The second most important thing I learned is that salmon can smell up the house if you cook it on the stove-top, so unless you can easily air out your kitchen, it’s best to poach it, or bake it in the oven. Actually, I learned both tips from my father, who, in spite of being raised in land-locked Minnesota, loves all forms of seafood, and has a keen eye for freshness and high standards when it comes to fish.

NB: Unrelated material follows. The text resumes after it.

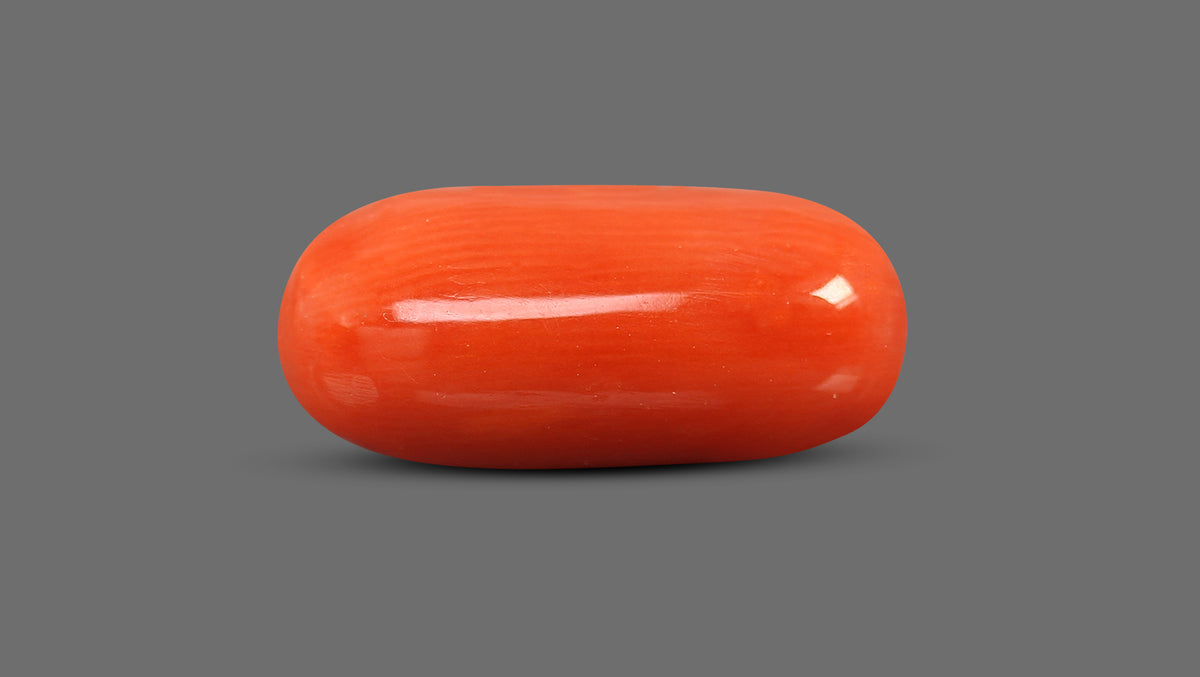 Italian Red Coral 8.76 Carats / 9.63 Ratti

Easy Foil Wrapped Baked Salmon

Here is a kitchen aroma friendly way to prepare salmon fillets. It’s also incredibly easy and delicious! In this recipe we prepare julienned bell peppers and thinly sliced leeks, gently cooked in butter and olive oil. Then we create a bed of the cooked peppers and leeks on a large piece of aluminum foil, top it with a salmon fillet, and wrap up the salmon in the foil. Bake it for 10-12 minutes and it’s done! The salmon cooks in its own juices while the foil makes sure none of the flavor escapes. Tarragon is especially good with salmon prepared this way, but if you don’t have any you can easily use thyme. Fold up the foil packets to allow some room over the salmon, but seal so that steam is not allowed to escape. (There are many ways to fold the foil, do which ever way works best for you!) Sprinkle with lemon juice to serve or serve with lemon wedges.